Где-то году в 1958-м
От скуки административных дел меня спасало постоянное общение с Б. Р. Виппером. Борис Робертович был научным руководителем моей дипломной работы по нидерландскому искусству XV века, которую я защитил в 1956 году, а в музее он занимал должность заместителя директора по научной части, и мы сидели в одном кабинете.
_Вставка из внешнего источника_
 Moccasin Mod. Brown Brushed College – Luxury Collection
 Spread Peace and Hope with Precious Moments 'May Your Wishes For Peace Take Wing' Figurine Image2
С 1924 по 1941 год Виппер жил и работал в Риге, и, в отличие от большинства наших ученых искусствоведов, перед ним были открыты двери крупнейших музеев мира: он видел в подлинниках то, о чем писал. Конечно, как и все, он был вынужден в своих трудах прибегать к обязательным штампам, вроде «борьба реалистических и нереалистических тенденций» в искусстве того или другого времени, ссылаться на классиков марксизма-ленинизма, но за всей этой идеологической шелухой скрывались блестящие анализы и поток оригинальных идей. Его занятия исключительно зарубежным искусством, естественно, повлекли за собой обвинения в космополитизме: в 1948 (или в 1949) году он был изгнан из университета, где был заведующим кафедрой западного искусства. Но от более жестких репрессий его спасло положение его отца: академик Роберт Юльевич Виппер снискал особое расположение Сталина за свою книгу об Иване Грозном, в которой оправдывал жестокость царя его целью создания великого государства Российского (Сталину нравились такие аналогии). Борису Робертовичу часто приносили для определения картины, предлагаемые для закупки. В таких случаях он приглашал меня как бы для соучастия, а на самом деле преподавал мне урок атрибуции. Из этих уроков я усвоил раз и навсегда, что только видение вещи, только натренированный глаз искусствоведа придают ценность и смысл всему, о чем бы он ни писал, — будь то история, теория, социология искусства или художественная критика. Формальный, семиотический, структуралистский подходы к искусству, ставшие модными с шестидесятых годов, вызывали у меня недоверие.
Но здесь пора прервать ход воспоминаний о музее, ибо моя дальнейшая судьба определялась в основном внемузейными событиями.
Глава 7
Синявские, Хлебный переулок, Север
Вернувшись в 1955 году в Москву после годичной поездки с передвижными выставками, я обнаружил, что у моей старой приятельницы Майи Розановой-Кругликовой начался бурный роман с Андреем Донатовичем Синявским. Вскоре они поженились и Майя переехала к Андрею.
Они жили тогда у Синявского в доме № 9 в Хлебном переулке: комната в коммунальной квартире плюс подвальчик, который Андрей превратил в рабочий кабинет и куда скрывался от докучливых гостей. Сюда как-то привела меня Розанова, и я тут прижился.
Сначала мы с Синявским, если можно так выразиться, принюхивались друг к другу. Ведь жили мы среди людей, в массе своей чужих, часто опасных, и только внутренним чутьем, по каким-то трудноуловимым признакам распознавали родственные души. Бродский пишет в своих воспоминаниях, что в его компании выбирали друзей по признаку — Фолкнер или Хемингуэй? Наше поколение в таком отборе было вынуждено руководствоваться не только эстетическими, но и политическими признаками. В том и в другом у нас было много общего. Отец Синявского, бросив свое дворянство в огонь революции, вступил в партию кадетов, при советской власти сидел (как и мой отец), был сослан, и если бы нас спросили — Пикассо или Герасимов, Платонов или Бабаевский? — наши ответы бы совпали.